From: perry at stsci.edu (Perry Greenfield)
Date: Thu Jul 29 13:01:05 2004
Subject: [Numpy-discussion] The value of a native Blas
In-Reply-To: <1091130954.9805.78.camel@freyer.sfo.csun.edu>
Message-ID: <BD2ECF86.13DBC%perry@stsci.edu>

On 7/29/04 3:55 PM, "Stephen Walton" <stephen.walton at csun.edu> wrote:

> On Thu, 2004-07-29 at 11:57, Chris Barker wrote:
> 
>> One linked against the Apple Supplied vec-lib as the BLAS. (From Bob
>> Ippolito's PackMan database (http://undefined.org/python/pimp/)
> 
> Well, I'm a sucker for trying to increase performance :-) .  AMD's Web
> site recommends ATLAS as the best source for an Athlon-optimized BLAS.
> I happen to have ATLAS installed, and the time for Chris Barker's test
> went from 4.95 seconds to 0.91 seconds on a dual-Athlon MP 2200+ system.
> 
> To build numarray 1.0 with this setup, I had to modify addons.py a bit,
> both to use LAPACK and ATLAS and because ATLAS was built here with the
> Absoft Fortran compiler version 8.2 (I haven't tried g77).  Is anyone
> interested in this?

Well, I guess we are :-) Let us know what you had to do to get it to work.

Thanks, Perry


From stephen.walton at csun.edu  Thu Jul 29 13:28:07 2004
From: stephen.walton at csun.edu (Stephen Walton)
Date: Thu Jul 29 13:28:07 2004
Subject: [Numpy-discussion] The value of a native Blas
In-Reply-To: <BD2ECF86.13DBC%perry@stsci.edu>
References: <BD2ECF86.13DBC%perry@stsci.edu>
Message-ID: <1091132833.9805.133.camel@freyer.sfo.csun.edu>

On Thu, 2004-07-29 at 13:00, Perry Greenfield wrote:

> Well, I guess we are :-) Let us know what you had to do to get it to work.

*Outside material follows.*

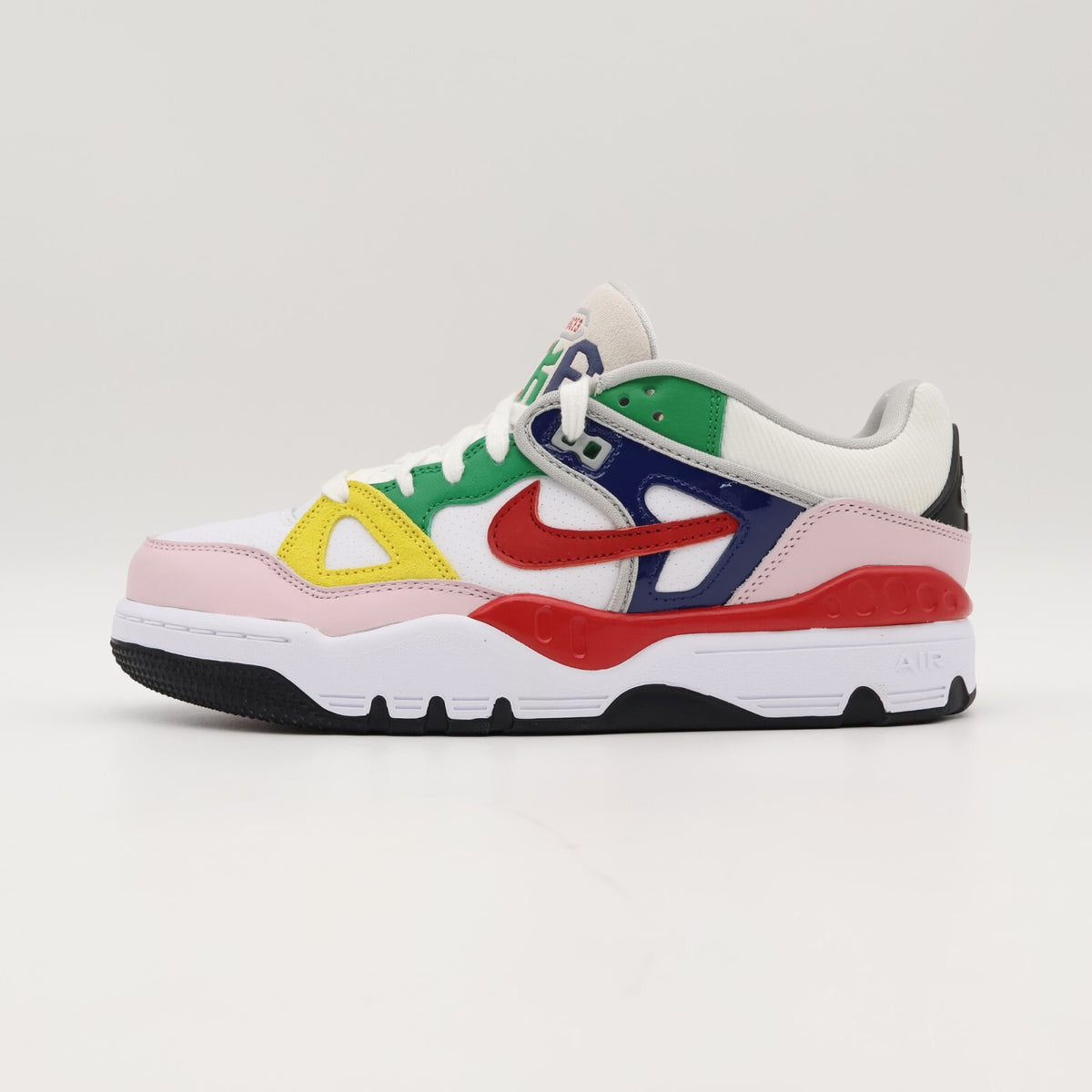 FQ7012-100 NIGO Nike Air Force 3 Low SP White Heel Logo NIGO(Men's)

This is so Absoft-specific that I'm not sure how much it helps others,
but here goes:  I built LAPACK after modifing the make.inc.LINUX file to
set the compiler and linker to /opt/absoft/bin/f77 instead of to g77,
and the compile flags to "-O3 -YNO_CDEC".  I ran "make config" in the
ATLAS directory and told the setup that /opt/absoft/bin/f77 was my
Fortran compiler, then did "make install arch=", then followed the
scipy.org instructions to combine LAPACK with the one from ATLAS. 
Finally, I applied the attached patch to addons.py in the numarray
directory.

Interestingly, the example program runs in 1.43 seconds on a 2.26GHz P4
with the default numarray install (as opposed to 4.95 seconds on the
Athlon).  I haven't built ATLAS on this platform yet to find how much of
an improvement I get.

I suppose something similar would work with g77, replacing the Absoft
libraries with g2c, but I haven't tried it.

-- 
Stephen Walton <stephen.walton at csun.edu>
Dept. of Physics & Astronomy, Cal State Northridge
-------------- next part --------------
A non-text attachment was scrubbed...
Name: addons.diff
Type: text/x-patch
Size: 879 bytes
Desc: addons.py diffs
URL: <http://mail.python.org/pipermail/numpy-discussion/attachments/20040729/a8b1f910/attachment-0001.bin>

From stephen.walton at csun.edu  Thu Jul 29 13:38:05 2004
From: stephen.walton at csun.edu (Stephen Walton)
Date: Thu Jul 29 13:38:05 2004
Subject: [Numpy-discussion] The value of a native Blas
In-Reply-To: <BD2ECF86.13DBC%perry@stsci.edu>
References: <BD2ECF86.13DBC%perry@stsci.edu>
Message-ID: <1091133445.9805.147.camel@freyer.sfo.csun.edu>

An addition to my previous post:  I also had to do a "setenv USE_LAPACK"
in the shell before "python setup.py build" in the numarray directory.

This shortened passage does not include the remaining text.